Building a Secure and Scalable Multi-Tenancy Model on GKE

Engineering & Technology

Mahendra Sahu

December 29, 2025

As engineering organizations scale, managing infrastructure for dozens of teams becomes increasingly complex. Each team needs its own environment for development, QA, staging, and production. When every team operates its own Kubernetes cluster, operations quickly become fragmented, expensive, and difficult to govern.

At LiveRamp, we evolved our infrastructure by implementing a comprehensive multi-tenant Kubernetes (MTTN) cluster system that supports multiple teams and workloads efficiently. Here’s a look into our journey transforming dedicated cluster architectures into a shared, cost-effective, and highly scalable multi-tenancy solution.

Dedicated clusters vs. multi-tenant clusters

A multi-tenant Kubernetes cluster allows multiple workloads to share a single control plane and set of resources without compromising isolation or security. At LiveRamp, this approach significantly reduced infrastructure costs and operational overhead while enabling teams to move faster through:

Cost efficiency: Shared control planes and pooled compute reduce idle capacity and duplicated tooling
Operational simplicity: Fewer clusters to secure and upgrade, with unified logging, monitoring, and alerting
Faster onboarding: Teams deploy in minutes by creating a namespace, binding RBAC, and applying NetworkPolicies and quotas
Consistent governance: Centralized policy baselines for pod security, networking, quotas, and IAM
Better utilization: The scheduler balances uneven load across tenants for higher efficiency
Platform foundation: Enables self-service workflows, GitOps, and namespace-level cost allocation

The challenge with dedicated Kubernetes clusters

Traditional dedicated cluster architectures introduced several limitations:

High costs: Each team required its own control plane and worker nodes, leading to substantial infrastructure expenses
Maintenance overhead: Dedicated clusters demanded specialized maintenance for cluster management, ingress configuration, certificate handling, and security patching
Resource waste: Underutilized clusters led to inefficient compute allocation
Operational complexity: Maintaining consistent standards across isolated environments was difficult

The solution

Our MTTN approach consolidates multiple teams and workloads into shared Kubernetes clusters while enforcing strict isolation and security boundaries. The architecture is built on namespace-based isolation, GitOps-driven automation, and defense-in-depth security controls.

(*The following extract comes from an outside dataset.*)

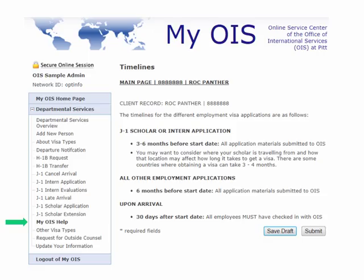Under timelines, we have what we feel are the best timelines for you to submit various applications. This is in order for us to give as much lead time as possible for the international employee or scholar to get the visas they need, and in the case of some employment applications, for the government to have the processing time needed to get your employee here working on time.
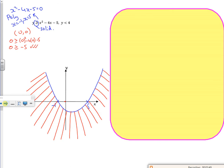Then we want y is less than 4. So that's easier to do — that's going to be a dashed line. And we'll do a line going across there — that's 4. I want below. If y is 0, then 0 is less than 4. So that's the easier one — that's below. So I shade above.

We provision foundational infrastructure – projects, networking, and GKE clusters – using Terraform and Atlantis, then layer shared platform components on top.

Multi-tenant cluster diagram

‍

Core components

Our new MTTN implementation leverages several key technologies and architectural patterns, including:

Namespace-based isolation
Capsule multi-tenancy controller
Infrastructure as code
GitOps deployment pipeline
Ingress options and traffic isolation
Security and compliance
Monitoring and observability

1. Namespace-based isolation

Namespaces serve as the primary isolation boundary, with each tenant receiving dedicated namespaces. This provides:

Resource isolation via ResourceQuotas
Network isolation using NetworkPolicies
Security isolation through RBAC policies
Separation of secrets and configuration

ResourceQuotas are enforced per namespace to prevent resource exhaustion attacks and ensure fair resource allocation. This prevents one tenant from impacting the performance or availability of others.

2. Capsule multi-tenancy controller

Capsule automates tenant lifecycle management by restricting namespace creation and cross-tenant operations to privileged operators. This ensures strong tenant isolation and reduces the risk of accidental or unauthorized access.

Capsule enables:

Automated tenant provisioning
Tenant-level policy enforcement
Resource quota management
Clear security boundaries

3. Infrastructure as code

All MTTN clusters are provisioned and managed through Terraform, enabling:

Automated cluster creation and configuration
Consistent infrastructure across environments
Version-controlled infrastructure changes
Rapid disaster recovery through code-based recreation

4. GitOps deployment pipeline

Our deployment pipeline combines Jenkins with Argo CD to support GitOps workflows:

Automated Docker image builds and pushes
Helm chart validation and deployment
Environment promotion (dev → QA → staging → prod)
Automated certificate management
Declarative onboarding and delivery
Self-service deployments for teams

5. Ingress options and traffic isolation

We support both Nginx and Istio ingress controllers to meet different tenant needs. Each uses class-based routing and strict namespace mapping to maintain isolation.

Before rollout, ingress routes were validated end to end using echo endpoints to verify isolation and reliability across ingress paths.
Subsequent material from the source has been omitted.